Check-In
It's a long story (cough, bachelorette party, cough) but we didn't actually check ourselves into the Red Rock Resort & Spa. Yet we will say that there is no massive check-in area with roped off winding lanes like the ones you would see at the behemoth casino hotels on the Strip. Instead there is just a long front desk with two or three clerks ready at your service. However, there were a few times we had to hit up the front desk for new room keys because they kept getting de-magnetized and the line was only three people deep but took forever.

Room Reaction
What we loved about Red Rock from top to bottom and inside out is that it looks like a normal fricking hotel. There's no cheesy Roman gladiator or Egyptian themes here. The room we stayed in on the fourth floor had the decor and amenities you would find in an urban boutique hotel and in a bigger space too. Our room had two full beds loaded with pillows, a marble bath with the TV over the bathtub, a separate enclave for the toilet and a spacious closet with a full-length mirror that makes you look skinny. Perfect for when you are baring your pasty skin in a bathing suit. A giant flat-screen TV hung on the wall opposite above the beds and the mini-bar was full of tasty gourmet goodies, although with a strict "Remove anything and you will be charged" policy. The only complaint that we would have is that the carpet was a tad rough and that the hallways were ginormous. Ask for a room that's closer to the elevator.

Pool Scene
The pool at Red Rock is an enormous circle with an elevated water fountain in the center that kids loved to run around. There are only wicker lounge chairs with full cushions at the pool which saves you from dealing with those pool chairs with the white plastic straps. Ringing the immediate perimeter of the pool are some lounge chairs that actually sit in about three inches of water.

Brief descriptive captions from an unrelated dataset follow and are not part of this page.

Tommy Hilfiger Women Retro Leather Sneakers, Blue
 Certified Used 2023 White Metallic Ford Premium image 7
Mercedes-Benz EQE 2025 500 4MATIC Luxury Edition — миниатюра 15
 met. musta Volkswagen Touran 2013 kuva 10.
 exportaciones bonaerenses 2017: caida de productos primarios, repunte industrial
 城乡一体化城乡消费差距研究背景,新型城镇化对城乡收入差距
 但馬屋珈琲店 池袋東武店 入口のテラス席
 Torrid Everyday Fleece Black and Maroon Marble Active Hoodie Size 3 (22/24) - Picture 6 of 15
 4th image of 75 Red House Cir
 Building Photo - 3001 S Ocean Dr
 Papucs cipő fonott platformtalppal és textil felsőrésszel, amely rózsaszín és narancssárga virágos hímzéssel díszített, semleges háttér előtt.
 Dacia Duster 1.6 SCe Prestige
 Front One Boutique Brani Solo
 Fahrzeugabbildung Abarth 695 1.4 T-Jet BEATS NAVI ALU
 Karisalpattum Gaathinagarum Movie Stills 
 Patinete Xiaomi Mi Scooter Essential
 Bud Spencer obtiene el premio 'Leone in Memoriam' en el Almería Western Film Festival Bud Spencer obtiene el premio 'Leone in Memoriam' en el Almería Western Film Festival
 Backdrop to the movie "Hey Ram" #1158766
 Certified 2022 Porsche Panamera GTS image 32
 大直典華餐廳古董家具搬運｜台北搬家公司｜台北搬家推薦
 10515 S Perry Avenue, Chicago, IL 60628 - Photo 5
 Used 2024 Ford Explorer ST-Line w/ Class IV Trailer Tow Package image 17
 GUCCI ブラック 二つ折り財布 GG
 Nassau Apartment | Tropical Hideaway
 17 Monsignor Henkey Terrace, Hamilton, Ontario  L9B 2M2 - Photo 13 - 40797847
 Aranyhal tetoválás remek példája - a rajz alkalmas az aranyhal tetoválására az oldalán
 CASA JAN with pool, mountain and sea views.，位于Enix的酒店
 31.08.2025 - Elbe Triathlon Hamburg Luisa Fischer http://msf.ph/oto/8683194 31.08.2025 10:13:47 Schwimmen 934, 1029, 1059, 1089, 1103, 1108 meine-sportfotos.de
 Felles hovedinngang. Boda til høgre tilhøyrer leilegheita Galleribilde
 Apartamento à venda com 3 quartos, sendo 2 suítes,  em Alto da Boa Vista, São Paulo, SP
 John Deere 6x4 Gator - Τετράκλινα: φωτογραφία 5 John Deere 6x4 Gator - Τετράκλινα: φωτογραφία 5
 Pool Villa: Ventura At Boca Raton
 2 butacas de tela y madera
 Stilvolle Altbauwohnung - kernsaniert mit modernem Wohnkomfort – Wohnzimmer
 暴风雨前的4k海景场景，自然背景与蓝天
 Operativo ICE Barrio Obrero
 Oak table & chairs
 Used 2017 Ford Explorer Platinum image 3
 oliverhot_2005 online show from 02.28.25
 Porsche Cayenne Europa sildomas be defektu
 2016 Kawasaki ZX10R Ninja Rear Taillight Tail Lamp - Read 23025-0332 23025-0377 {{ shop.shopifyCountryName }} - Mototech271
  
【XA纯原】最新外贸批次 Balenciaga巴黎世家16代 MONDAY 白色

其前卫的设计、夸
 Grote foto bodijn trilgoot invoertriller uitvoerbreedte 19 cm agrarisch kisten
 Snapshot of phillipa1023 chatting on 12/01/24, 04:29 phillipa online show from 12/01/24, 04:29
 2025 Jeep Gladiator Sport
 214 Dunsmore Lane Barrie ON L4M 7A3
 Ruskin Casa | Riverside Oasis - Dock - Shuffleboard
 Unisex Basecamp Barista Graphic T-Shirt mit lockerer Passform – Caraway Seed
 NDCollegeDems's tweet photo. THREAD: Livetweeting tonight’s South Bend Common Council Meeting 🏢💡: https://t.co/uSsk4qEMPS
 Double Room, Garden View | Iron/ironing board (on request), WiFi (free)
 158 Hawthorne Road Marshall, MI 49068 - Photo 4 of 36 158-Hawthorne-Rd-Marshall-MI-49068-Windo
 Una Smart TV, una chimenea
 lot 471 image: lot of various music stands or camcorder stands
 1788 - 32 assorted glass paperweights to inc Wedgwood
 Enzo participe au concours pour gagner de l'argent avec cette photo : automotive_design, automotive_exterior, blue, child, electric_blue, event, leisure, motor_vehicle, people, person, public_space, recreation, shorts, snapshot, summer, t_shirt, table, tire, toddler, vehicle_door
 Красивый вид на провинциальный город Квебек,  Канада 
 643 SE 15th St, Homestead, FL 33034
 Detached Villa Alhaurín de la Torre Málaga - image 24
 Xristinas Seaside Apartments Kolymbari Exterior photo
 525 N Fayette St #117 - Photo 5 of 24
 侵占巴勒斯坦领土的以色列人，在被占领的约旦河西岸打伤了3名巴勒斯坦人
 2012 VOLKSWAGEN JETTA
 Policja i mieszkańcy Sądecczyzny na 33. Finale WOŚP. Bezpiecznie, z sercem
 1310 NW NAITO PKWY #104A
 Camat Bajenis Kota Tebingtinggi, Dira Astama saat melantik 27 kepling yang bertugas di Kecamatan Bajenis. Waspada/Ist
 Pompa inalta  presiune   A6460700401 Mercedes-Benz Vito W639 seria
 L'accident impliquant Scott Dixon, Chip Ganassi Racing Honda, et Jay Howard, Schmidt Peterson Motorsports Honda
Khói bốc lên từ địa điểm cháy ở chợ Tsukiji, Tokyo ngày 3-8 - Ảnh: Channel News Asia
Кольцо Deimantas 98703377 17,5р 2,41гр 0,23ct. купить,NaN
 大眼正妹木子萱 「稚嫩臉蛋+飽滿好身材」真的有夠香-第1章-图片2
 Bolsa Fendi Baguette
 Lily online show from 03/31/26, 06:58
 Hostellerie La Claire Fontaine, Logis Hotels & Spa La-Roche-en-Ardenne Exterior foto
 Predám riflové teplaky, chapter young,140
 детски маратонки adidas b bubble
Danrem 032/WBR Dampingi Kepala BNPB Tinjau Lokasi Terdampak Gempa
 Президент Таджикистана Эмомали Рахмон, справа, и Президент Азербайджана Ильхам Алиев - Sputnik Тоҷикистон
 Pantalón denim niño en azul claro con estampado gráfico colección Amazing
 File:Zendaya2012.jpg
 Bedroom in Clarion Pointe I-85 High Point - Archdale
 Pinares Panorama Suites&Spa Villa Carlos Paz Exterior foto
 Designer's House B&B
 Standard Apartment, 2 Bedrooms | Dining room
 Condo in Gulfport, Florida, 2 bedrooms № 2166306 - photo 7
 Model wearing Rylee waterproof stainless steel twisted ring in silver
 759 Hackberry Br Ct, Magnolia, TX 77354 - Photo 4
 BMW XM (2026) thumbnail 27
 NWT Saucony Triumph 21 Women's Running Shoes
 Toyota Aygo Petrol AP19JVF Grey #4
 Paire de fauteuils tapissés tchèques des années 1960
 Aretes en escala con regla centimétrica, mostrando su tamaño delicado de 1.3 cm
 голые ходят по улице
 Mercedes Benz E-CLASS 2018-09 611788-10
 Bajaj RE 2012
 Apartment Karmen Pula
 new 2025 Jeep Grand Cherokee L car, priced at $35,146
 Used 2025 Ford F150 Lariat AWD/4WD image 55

This sounds cool but then you realize there are no tables in between the chairs. So you either have to put your sunblock and reading material on the space behind you which is typically at the foot of someone else's lounge chair. Naturally, people drop stuff in the water when these sit in one of these perilous chairs and either forget about it or are too lazy to pick it out of the water. While we were swimming we encountered a plastic cup and several straws. Yuck. And did we mention there were children there? Double yuck because you know they are peeing in there.
On the brightside, the Sandbar grille provides much needed shade and $5 and $10 blackjack tables. Additionally, if you rent a souped-up cabana (refrigerators, TVs, A/C, etc) you get to swim in the pools reserved for cabanas. So those should be cleaner than the main pool.
Casino, Restaurants, Spa & Salon
We are grouping these altogether because if we wrote about them individually this would be a very long and possibly boring review.
Since we were with a bunch of girls there was not much gambling done. In fact, we didn't do any but the casino is pretty big and there is every game that you would ever want to play there.
The hotel has three restaurants---the casual Grand Cafe (good for breakfast), the Cabo (a casual Mexican joint) and the T-Bones Steakhouse (for a fancy night out.) We sampled all three and the food was good but the service was lacking. (More on that below.)
The spa was excellent. The locker rooms have everything you could want from a spa--showers, steam room, sauna, cold plunge, dressing area, big lockers and tons of travel-sized toiletries for you to take. The hotel has a full-service salon and like the spa, the prices are a bit jacked up but well worth it. Even better, the fitness center does not charge an entrance fee like most Vegas casino hotels do.
Service
Now it's really hard to gage service when you are constantly in a big group of girls in a bachelorette party but we still thought the service was a tad off everywhere. The Mexican restaurant messed up our orders and the waitress liked to disappear a lot. The poolside waitress almost lost it when we asked for ice water. Luckily for her it only took us 15 minutes before we started ordering Bloody Marys left and right. The exception was T-Bones who did everything right after making us wait 30 minutes past our reservations.
Cherry
We heard that Cherry which Rande Gerber opened is no longer part of Gerber's portfolio but it's still pretty cool. The entrance is very phallic looking. We didn't snap any pictures but we should have. The door handles looked especially phallic. Weird. Anyways, the cool part about Cherry is you can escape the indoor section which is loud, clubby and full of seizure-inducing strobe lights. There is an outside area which during the day is one of the swankier cabana sections by the pool. But at night you can kick back and relax here. Also cool is the bathrooms. The stalls have mirrors on the outside but once you lock yourself in the stall you can see out to the bathroom. It's a little unnerving because you can see some woman who looks like she is peering into your stall when really she is just adjusting her fake eyelashes in the mirror.
Cost
Since we split the room with three girls we paid $230 a night. So we're guessing the room was about $345 a night including taxes and all. Not cheap.
Bottom Line
We would totally come back here again. It was nice to be a clean, less smokey casino resort in the desert without dealing with the gross drunken tourists wandering up and down the strip. And we especially loved the spa. But by the second night, we were missing the strip.